Convicted domestic abusers could be forced to take lie detector tests to try to stop them reoffending under new government plans.
Plans to introduce the legislation were shelved last year when parliament was prorogued and the general election called.
In the latest version of the Domestic Abuse Bill, due to have its first reading in the Commons today, proposals include banning perpetrators from cross-examining their victims during family court proceedings and requiring councils to find safe accommodation for victims and their children.
Court protection orders which prohibit perpetrators from contacting a victim or forcing them to take part in alcohol or drug treatment programmes may also be introduced.
Economic abuse, when a perpetrator controls a victim’s finances, will also be defined in the bill as a specific offence.
But perhaps most controversially, the bill would require convicted abusers to take polygraph tests to monitor their behaviour.
If the legislation passes, a three-year trial involving 300 abusers deemed at high-risk of causing serious harm will be carried out. They will have to take a lie detector test three months after release from prison and then every subsequent six months.
However, anyone failing the test will not be recalled to prison unless it reveals they have breached their specific licence conditions.
If the pilot is successful it could be rolled out nationally.

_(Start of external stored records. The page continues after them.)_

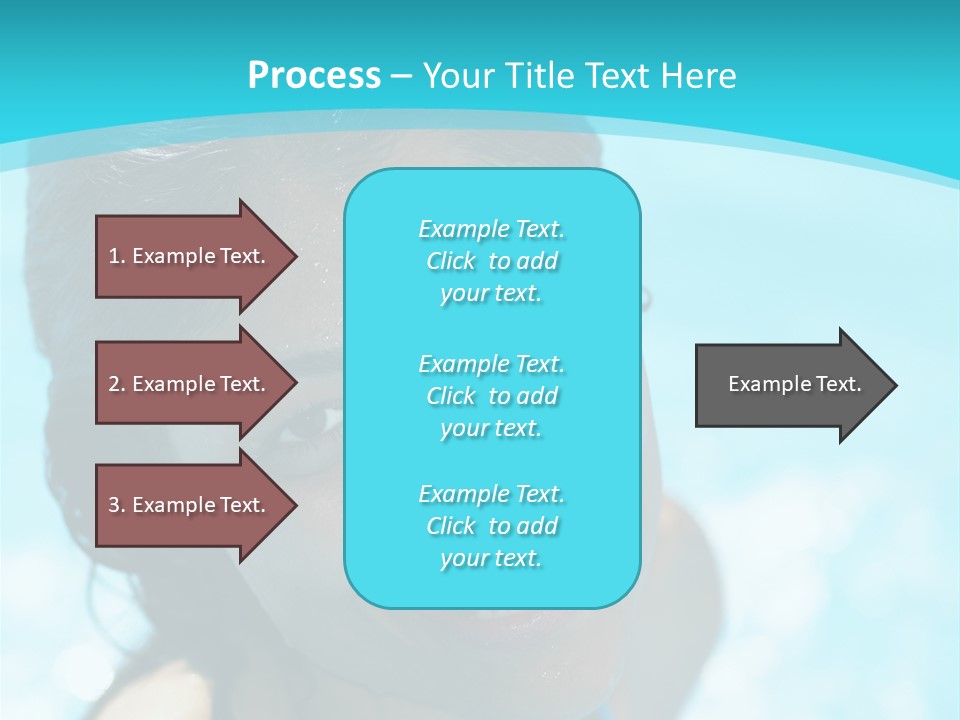 Pain Spine Figure PowerPoint Template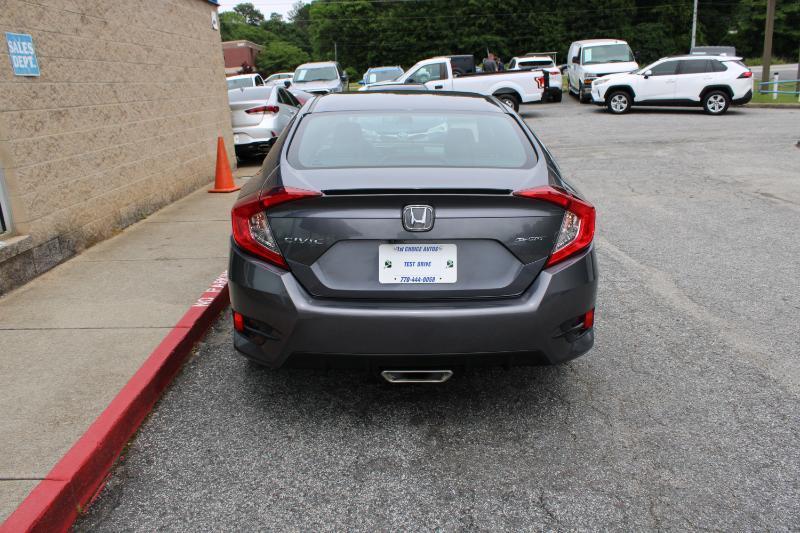 Honda Civic Sedan Sport CVT 2020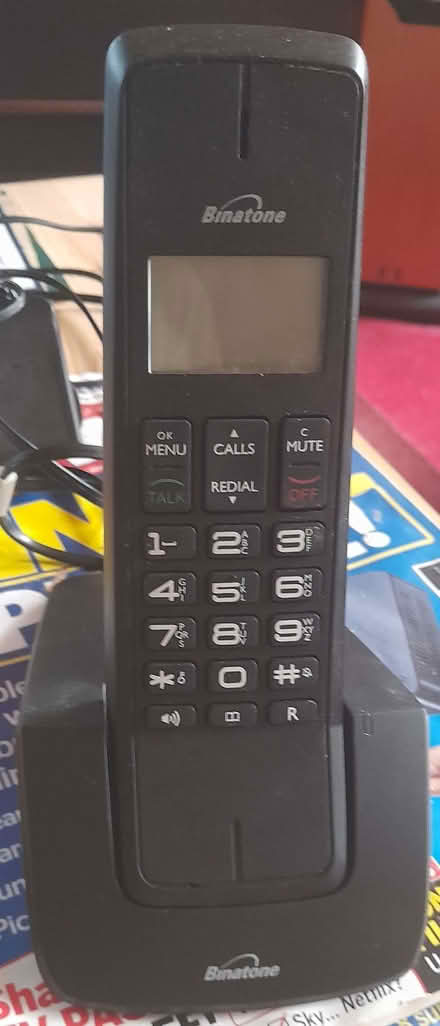 Photo of free Cordless phone (Central Blackburn BB1) #2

Polygraph tests do not measure lying directly, but rather physical responses such as a change in blood pressure or breathing rate, or an increase in perspiration – signs that the subject might be trying to deceive the interviewer.
Over the years there have been questions about their accuracy, although the government insists they have been “successfully used” with sex offenders since 2013.
Ministers have described the new Domestic Abuse Bill as the “most comprehensive package ever to tackle this horrendous crime”, saying the “enhanced” proposals will “go even further to support and protect victims and punish perpetrators” and had been “widely supported by charities, MPs and law enforcement”.
However, some have said the proposals do not go far enough, particularly when it comes to protecting children.
Emily Hilton, senior policy officer at the NSPCC, said the government was missing a “landmark opportunity” to make a difference.
She added: “It is extremely disappointing that the Bill in its current form fails to protect children from the devastating impact of living with domestic abuse, leaving thousands at continued risk because the help they deserve is not in place.”